Available data:
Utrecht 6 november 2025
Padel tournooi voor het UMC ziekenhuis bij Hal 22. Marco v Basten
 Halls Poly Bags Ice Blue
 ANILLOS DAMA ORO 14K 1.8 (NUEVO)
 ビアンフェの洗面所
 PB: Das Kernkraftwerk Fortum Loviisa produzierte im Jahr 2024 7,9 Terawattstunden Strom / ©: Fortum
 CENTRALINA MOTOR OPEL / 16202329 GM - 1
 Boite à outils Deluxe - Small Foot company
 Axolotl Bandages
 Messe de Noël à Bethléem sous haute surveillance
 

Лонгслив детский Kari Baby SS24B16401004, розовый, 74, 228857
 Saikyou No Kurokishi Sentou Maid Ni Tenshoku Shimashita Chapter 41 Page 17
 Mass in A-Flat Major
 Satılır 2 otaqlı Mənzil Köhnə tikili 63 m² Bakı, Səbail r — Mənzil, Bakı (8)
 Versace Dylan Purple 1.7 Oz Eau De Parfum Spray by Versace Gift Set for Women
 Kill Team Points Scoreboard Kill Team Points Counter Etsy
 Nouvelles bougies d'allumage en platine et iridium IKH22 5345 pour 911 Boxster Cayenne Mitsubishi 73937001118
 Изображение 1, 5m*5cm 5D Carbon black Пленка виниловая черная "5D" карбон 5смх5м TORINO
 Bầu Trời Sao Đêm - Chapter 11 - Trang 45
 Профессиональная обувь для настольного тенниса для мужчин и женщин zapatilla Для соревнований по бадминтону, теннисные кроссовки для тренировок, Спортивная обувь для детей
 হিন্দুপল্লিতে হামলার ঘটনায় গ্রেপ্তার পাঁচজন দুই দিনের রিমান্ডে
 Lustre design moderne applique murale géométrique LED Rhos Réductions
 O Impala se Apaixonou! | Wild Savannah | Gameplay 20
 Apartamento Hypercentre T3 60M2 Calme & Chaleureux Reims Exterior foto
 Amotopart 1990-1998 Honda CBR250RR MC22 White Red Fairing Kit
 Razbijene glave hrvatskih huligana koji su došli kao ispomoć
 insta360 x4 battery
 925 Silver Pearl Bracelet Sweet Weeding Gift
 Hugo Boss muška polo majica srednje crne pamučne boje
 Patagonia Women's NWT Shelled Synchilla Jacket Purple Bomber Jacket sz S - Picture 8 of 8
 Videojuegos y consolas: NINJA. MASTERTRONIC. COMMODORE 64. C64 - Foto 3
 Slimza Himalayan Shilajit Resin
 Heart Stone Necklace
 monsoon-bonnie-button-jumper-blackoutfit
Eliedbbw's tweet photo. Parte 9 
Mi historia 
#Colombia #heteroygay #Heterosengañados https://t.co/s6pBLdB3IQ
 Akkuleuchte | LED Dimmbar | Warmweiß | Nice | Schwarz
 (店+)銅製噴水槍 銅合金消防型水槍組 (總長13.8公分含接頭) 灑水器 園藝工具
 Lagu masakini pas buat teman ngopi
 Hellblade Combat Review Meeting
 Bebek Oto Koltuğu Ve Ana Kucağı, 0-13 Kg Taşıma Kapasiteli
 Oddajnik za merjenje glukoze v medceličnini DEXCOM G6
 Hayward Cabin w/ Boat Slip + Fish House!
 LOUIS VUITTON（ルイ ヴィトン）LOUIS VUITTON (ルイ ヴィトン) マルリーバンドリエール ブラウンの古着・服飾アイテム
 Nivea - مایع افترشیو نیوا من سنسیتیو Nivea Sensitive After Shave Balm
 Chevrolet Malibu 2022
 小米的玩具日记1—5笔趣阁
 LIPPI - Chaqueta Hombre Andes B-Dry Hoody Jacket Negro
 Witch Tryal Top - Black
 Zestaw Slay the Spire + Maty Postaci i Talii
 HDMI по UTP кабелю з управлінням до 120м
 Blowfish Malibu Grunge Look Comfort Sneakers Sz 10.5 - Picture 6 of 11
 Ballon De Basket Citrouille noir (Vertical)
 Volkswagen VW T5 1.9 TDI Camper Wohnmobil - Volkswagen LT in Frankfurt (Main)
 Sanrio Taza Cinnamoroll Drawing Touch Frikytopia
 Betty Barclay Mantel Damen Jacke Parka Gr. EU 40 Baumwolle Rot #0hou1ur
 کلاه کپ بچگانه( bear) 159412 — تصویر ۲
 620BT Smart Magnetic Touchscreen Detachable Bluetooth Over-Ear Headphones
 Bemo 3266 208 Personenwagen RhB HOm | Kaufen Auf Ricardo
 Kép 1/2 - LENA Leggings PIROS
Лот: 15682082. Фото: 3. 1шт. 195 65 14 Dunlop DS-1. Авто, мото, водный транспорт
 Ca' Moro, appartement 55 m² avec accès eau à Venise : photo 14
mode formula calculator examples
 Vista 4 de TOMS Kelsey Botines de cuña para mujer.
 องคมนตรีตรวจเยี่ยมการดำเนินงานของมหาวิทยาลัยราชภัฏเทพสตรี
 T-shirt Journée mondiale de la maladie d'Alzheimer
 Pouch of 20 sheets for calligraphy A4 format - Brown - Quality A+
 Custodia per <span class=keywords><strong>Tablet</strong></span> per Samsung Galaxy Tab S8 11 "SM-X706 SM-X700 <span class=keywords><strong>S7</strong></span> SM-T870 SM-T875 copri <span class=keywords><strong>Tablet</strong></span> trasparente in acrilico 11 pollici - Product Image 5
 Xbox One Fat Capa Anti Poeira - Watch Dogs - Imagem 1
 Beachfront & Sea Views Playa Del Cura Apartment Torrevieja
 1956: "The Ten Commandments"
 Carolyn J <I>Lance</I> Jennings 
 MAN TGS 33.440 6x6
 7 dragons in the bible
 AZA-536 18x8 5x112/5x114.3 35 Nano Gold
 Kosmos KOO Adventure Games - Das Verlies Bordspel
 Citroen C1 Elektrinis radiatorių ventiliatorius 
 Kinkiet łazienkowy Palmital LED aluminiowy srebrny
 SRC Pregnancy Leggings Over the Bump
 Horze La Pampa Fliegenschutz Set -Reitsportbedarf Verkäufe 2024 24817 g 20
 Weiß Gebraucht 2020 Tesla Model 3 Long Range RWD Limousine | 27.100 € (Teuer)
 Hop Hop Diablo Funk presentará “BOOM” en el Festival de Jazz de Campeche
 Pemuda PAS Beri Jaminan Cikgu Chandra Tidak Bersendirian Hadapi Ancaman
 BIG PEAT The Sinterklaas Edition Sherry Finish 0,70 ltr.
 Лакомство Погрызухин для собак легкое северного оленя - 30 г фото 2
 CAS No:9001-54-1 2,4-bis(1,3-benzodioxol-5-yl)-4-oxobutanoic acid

What is needed: Set down each line of the data precisely as it appears above.

Answer space:
Utrecht 6 november 2025
Padel tournooi voor het UMC ziekenhuis bij Hal 22. Marco v Basten
 Halls Poly Bags Ice Blue
 ANILLOS DAMA ORO 14K 1.8 (NUEVO)
 ビアンフェの洗面所
 PB: Das Kernkraftwerk Fortum Loviisa produzierte im Jahr 2024 7,9 Terawattstunden Strom / ©: Fortum
 CENTRALINA MOTOR OPEL / 16202329 GM - 1
 Boite à outils Deluxe - Small Foot company
 Axolotl Bandages
 Messe de Noël à Bethléem sous haute surveillance
 

Лонгслив детский Kari Baby SS24B16401004, розовый, 74, 228857
 Saikyou No Kurokishi Sentou Maid Ni Tenshoku Shimashita Chapter 41 Page 17
 Mass in A-Flat Major
 Satılır 2 otaqlı Mənzil Köhnə tikili 63 m² Bakı, Səbail r — Mənzil, Bakı (8)
 Versace Dylan Purple 1.7 Oz Eau De Parfum Spray by Versace Gift Set for Women
 Kill Team Points Scoreboard Kill Team Points Counter Etsy
 Nouvelles bougies d'allumage en platine et iridium IKH22 5345 pour 911 Boxster Cayenne Mitsubishi 73937001118
 Изображение 1, 5m*5cm 5D Carbon black Пленка виниловая черная "5D" карбон 5смх5м TORINO
 Bầu Trời Sao Đêm - Chapter 11 - Trang 45
 Профессиональная обувь для настольного тенниса для мужчин и женщин zapatilla Для соревнований по бадминтону, теннисные кроссовки для тренировок, Спортивная обувь для детей
 হিন্দুপল্লিতে হামলার ঘটনায় গ্রেপ্তার পাঁচজন দুই দিনের রিমান্ডে
 Lustre design moderne applique murale géométrique LED Rhos Réductions
 O Impala se Apaixonou! | Wild Savannah | Gameplay 20
 Apartamento Hypercentre T3 60M2 Calme & Chaleureux Reims Exterior foto
 Amotopart 1990-1998 Honda CBR250RR MC22 White Red Fairing Kit
 Razbijene glave hrvatskih huligana koji su došli kao ispomoć
 insta360 x4 battery
 925 Silver Pearl Bracelet Sweet Weeding Gift
 Hugo Boss muška polo majica srednje crne pamučne boje
 Patagonia Women's NWT Shelled Synchilla Jacket Purple Bomber Jacket sz S - Picture 8 of 8
 Videojuegos y consolas: NINJA. MASTERTRONIC. COMMODORE 64. C64 - Foto 3
 Slimza Himalayan Shilajit Resin
 Heart Stone Necklace
 monsoon-bonnie-button-jumper-blackoutfit
Eliedbbw's tweet photo. Parte 9 
Mi historia 
#Colombia #heteroygay #Heterosengañados https://t.co/s6pBLdB3IQ
 Akkuleuchte | LED Dimmbar | Warmweiß | Nice | Schwarz
 (店+)銅製噴水槍 銅合金消防型水槍組 (總長13.8公分含接頭) 灑水器 園藝工具
 Lagu masakini pas buat teman ngopi
 Hellblade Combat Review Meeting
 Bebek Oto Koltuğu Ve Ana Kucağı, 0-13 Kg Taşıma Kapasiteli
 Oddajnik za merjenje glukoze v medceličnini DEXCOM G6
 Hayward Cabin w/ Boat Slip + Fish House!
 LOUIS VUITTON（ルイ ヴィトン）LOUIS VUITTON (ルイ ヴィトン) マルリーバンドリエール ブラウンの古着・服飾アイテム
 Nivea - مایع افترشیو نیوا من سنسیتیو Nivea Sensitive After Shave Balm
 Chevrolet Malibu 2022
 小米的玩具日记1—5笔趣阁
 LIPPI - Chaqueta Hombre Andes B-Dry Hoody Jacket Negro
 Witch Tryal Top - Black
 Zestaw Slay the Spire + Maty Postaci i Talii
 HDMI по UTP кабелю з управлінням до 120м
 Blowfish Malibu Grunge Look Comfort Sneakers Sz 10.5 - Picture 6 of 11
 Ballon De Basket Citrouille noir (Vertical)
 Volkswagen VW T5 1.9 TDI Camper Wohnmobil - Volkswagen LT in Frankfurt (Main)
 Sanrio Taza Cinnamoroll Drawing Touch Frikytopia
 Betty Barclay Mantel Damen Jacke Parka Gr. EU 40 Baumwolle Rot #0hou1ur
 کلاه کپ بچگانه( bear) 159412 — تصویر ۲
 620BT Smart Magnetic Touchscreen Detachable Bluetooth Over-Ear Headphones
 Bemo 3266 208 Personenwagen RhB HOm | Kaufen Auf Ricardo
 Kép 1/2 - LENA Leggings PIROS
Лот: 15682082. Фото: 3. 1шт. 195 65 14 Dunlop DS-1. Авто, мото, водный транспорт
 Ca' Moro, appartement 55 m² avec accès eau à Venise : photo 14
mode formula calculator examples
 Vista 4 de TOMS Kelsey Botines de cuña para mujer.
 องคมนตรีตรวจเยี่ยมการดำเนินงานของมหาวิทยาลัยราชภัฏเทพสตรี
 T-shirt Journée mondiale de la maladie d'Alzheimer
 Pouch of 20 sheets for calligraphy A4 format - Brown - Quality A+
 Custodia per <span class=keywords><strong>Tablet</strong></span> per Samsung Galaxy Tab S8 11 "SM-X706 SM-X700 <span class=keywords><strong>S7</strong></span> SM-T870 SM-T875 copri <span class=keywords><strong>Tablet</strong></span> trasparente in acrilico 11 pollici - Product Image 5
 Xbox One Fat Capa Anti Poeira - Watch Dogs - Imagem 1
 Beachfront & Sea Views Playa Del Cura Apartment Torrevieja
 1956: "The Ten Commandments"
 Carolyn J <I>Lance</I> Jennings 
 MAN TGS 33.440 6x6
 7 dragons in the bible
 AZA-536 18x8 5x112/5x114.3 35 Nano Gold
 Kosmos KOO Adventure Games - Das Verlies Bordspel
 Citroen C1 Elektrinis radiatorių ventiliatorius 
 Kinkiet łazienkowy Palmital LED aluminiowy srebrny
 SRC Pregnancy Leggings Over the Bump
 Horze La Pampa Fliegenschutz Set -Reitsportbedarf Verkäufe 2024 24817 g 20
 Weiß Gebraucht 2020 Tesla Model 3 Long Range RWD Limousine | 27.100 € (Teuer)
 Hop Hop Diablo Funk presentará “BOOM” en el Festival de Jazz de Campeche
 Pemuda PAS Beri Jaminan Cikgu Chandra Tidak Bersendirian Hadapi Ancaman
 BIG PEAT The Sinterklaas Edition Sherry Finish 0,70 ltr.
 Лакомство Погрызухин для собак легкое северного оленя - 30 г фото 2
 CAS No:9001-54-1 2,4-bis(1,3-benzodioxol-5-yl)-4-oxobutanoic acid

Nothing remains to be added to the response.